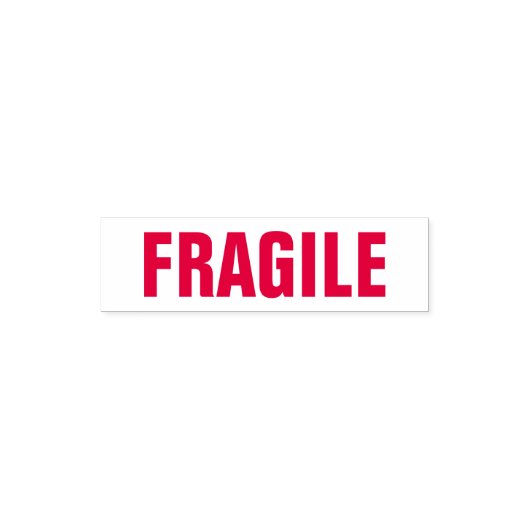Fragile Packaging Supply Small Business Red Zelfinktende Stempel (Design)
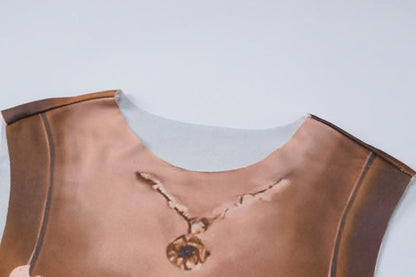 Flower print contrast sleeveless crewneck midi dress-final-sale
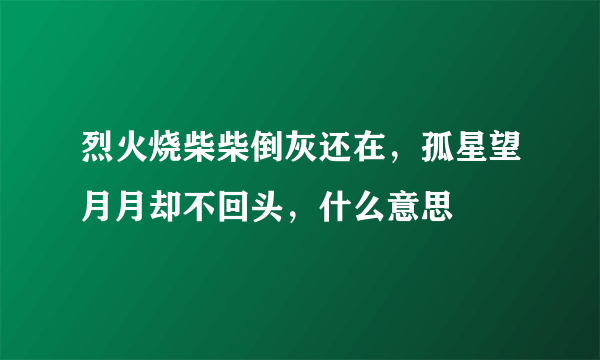 烈火烧柴柴倒灰还在，孤星望月月却不回头，什么意思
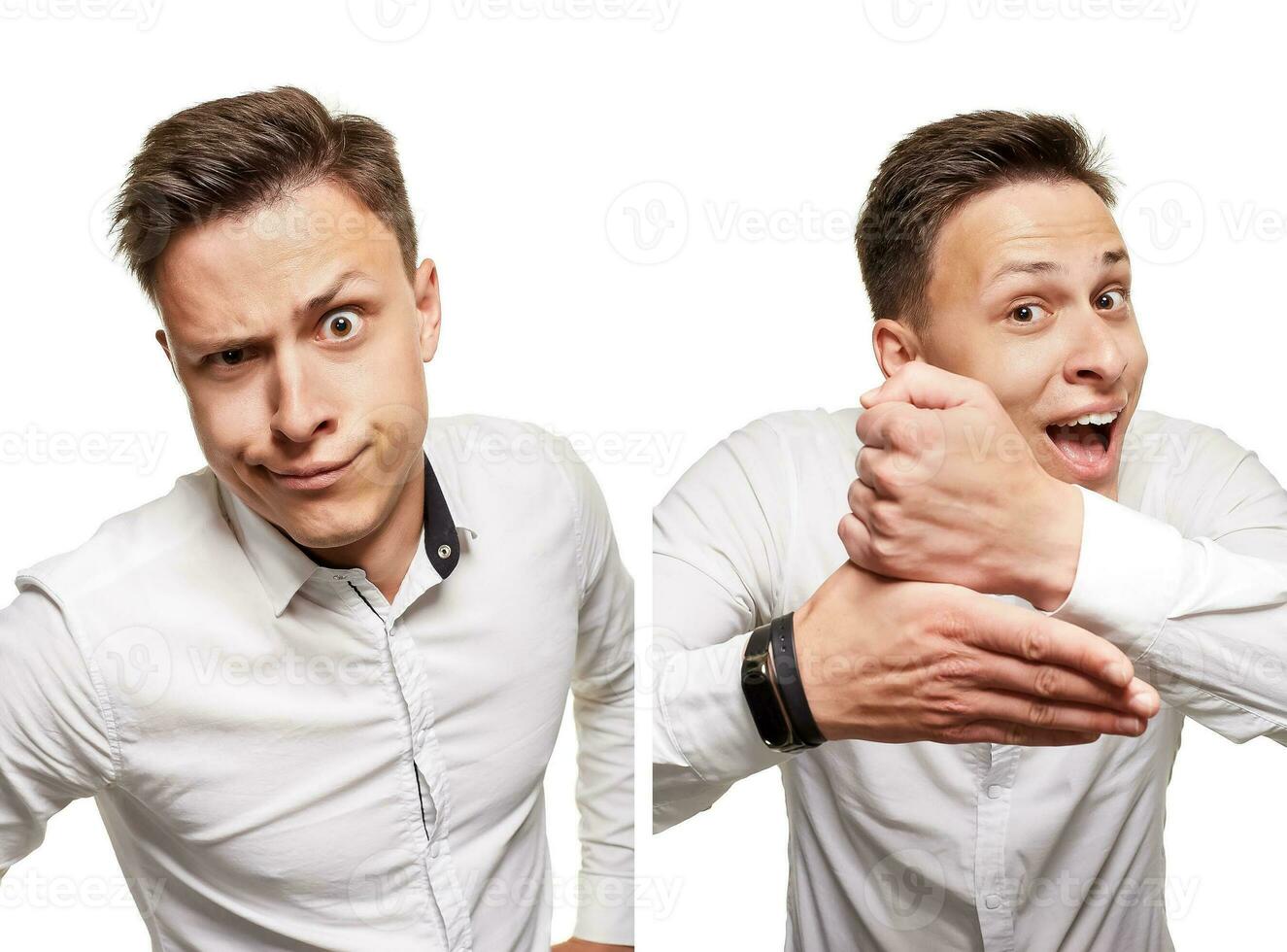 joven hombre con un expresivo rostro, vistiendo blanco camisa, aislado en blanco antecedentes foto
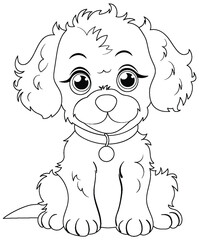 Cute cartoon puppy with big eyes and collar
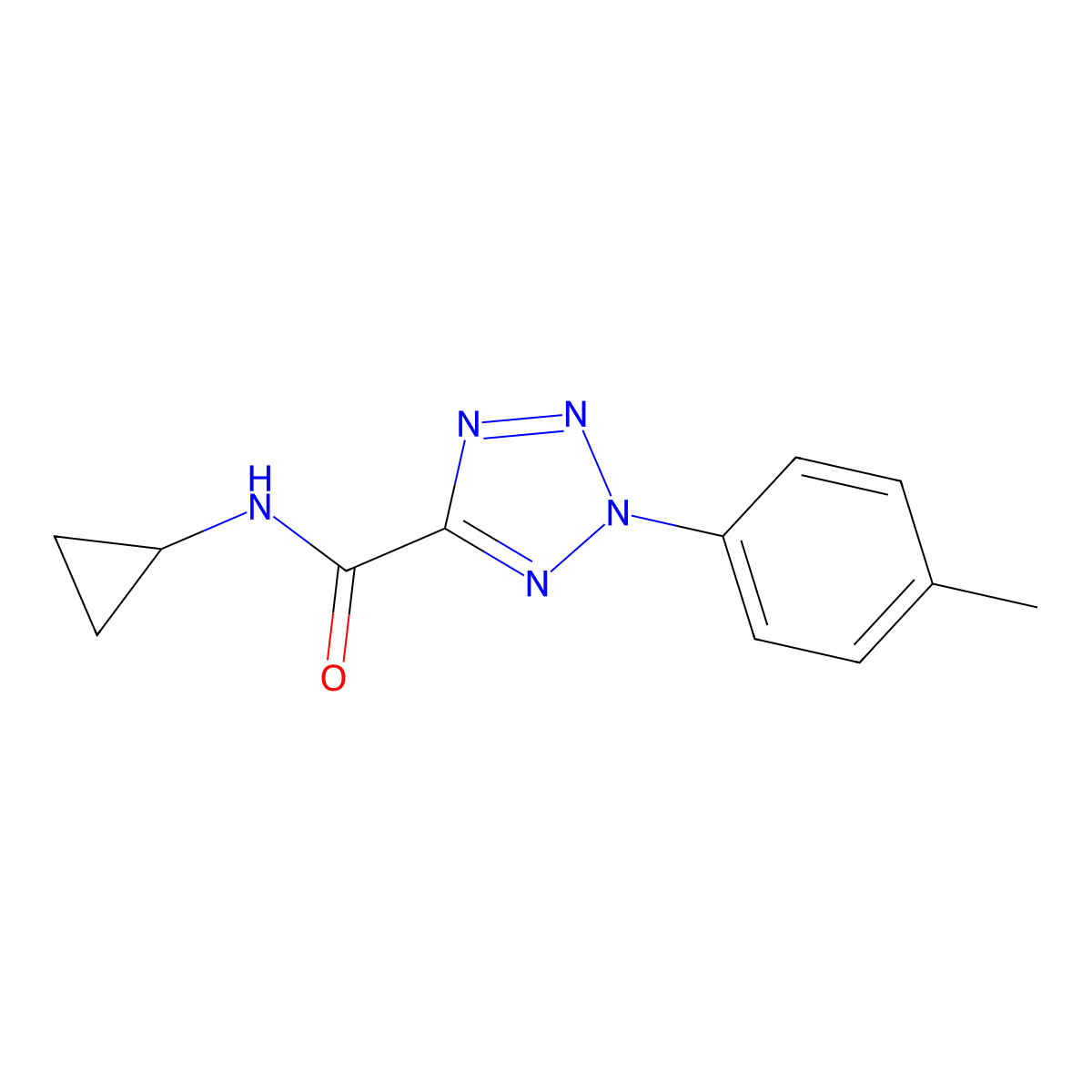 N-cyclopropyl-2-(p-tolyl)-2H-tetrazole-5-carboxamide molecular structure, CAS 1396877-53-4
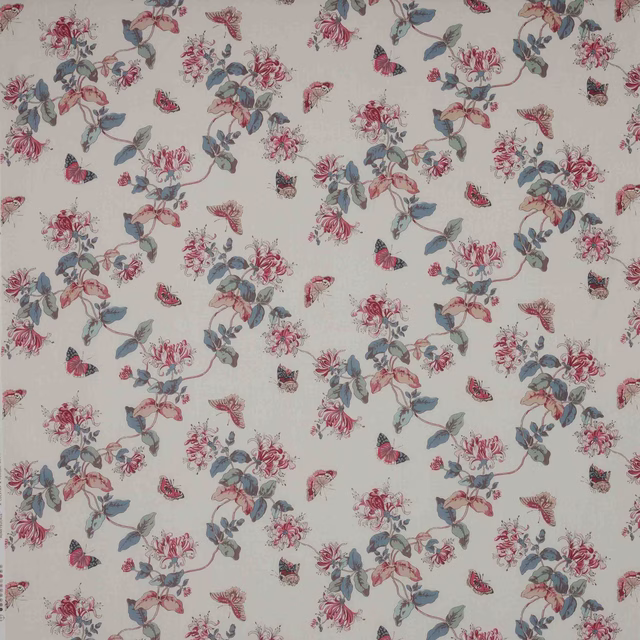 Cream linen fabric with scattered pink flowers, slate leaves and small butterflies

• **TASK GOAL**: In the copy, omit the pictures and give every line of the data exactly.

• **ANSWER BOX**:
Fragile Packaging Supply Small Business Red Zelfinktende Stempel (Design)
 Flower print contrast sleeveless crewneck midi dress-final-sale
 烈火烧柴柴倒灰还在，孤星望月月却不回头，什么意思
 joven hombre con un expresivo rostro, vistiendo blanco camisa, aislado en blanco antecedentes foto
 Cute cartoon puppy with big eyes and collar
 N-cyclopropyl-2-(p-tolyl)-2H-tetrazole-5-carboxamide molecular structure, CAS 1396877-53-4
 Cream linen fabric with scattered pink flowers, slate leaves and small butterflies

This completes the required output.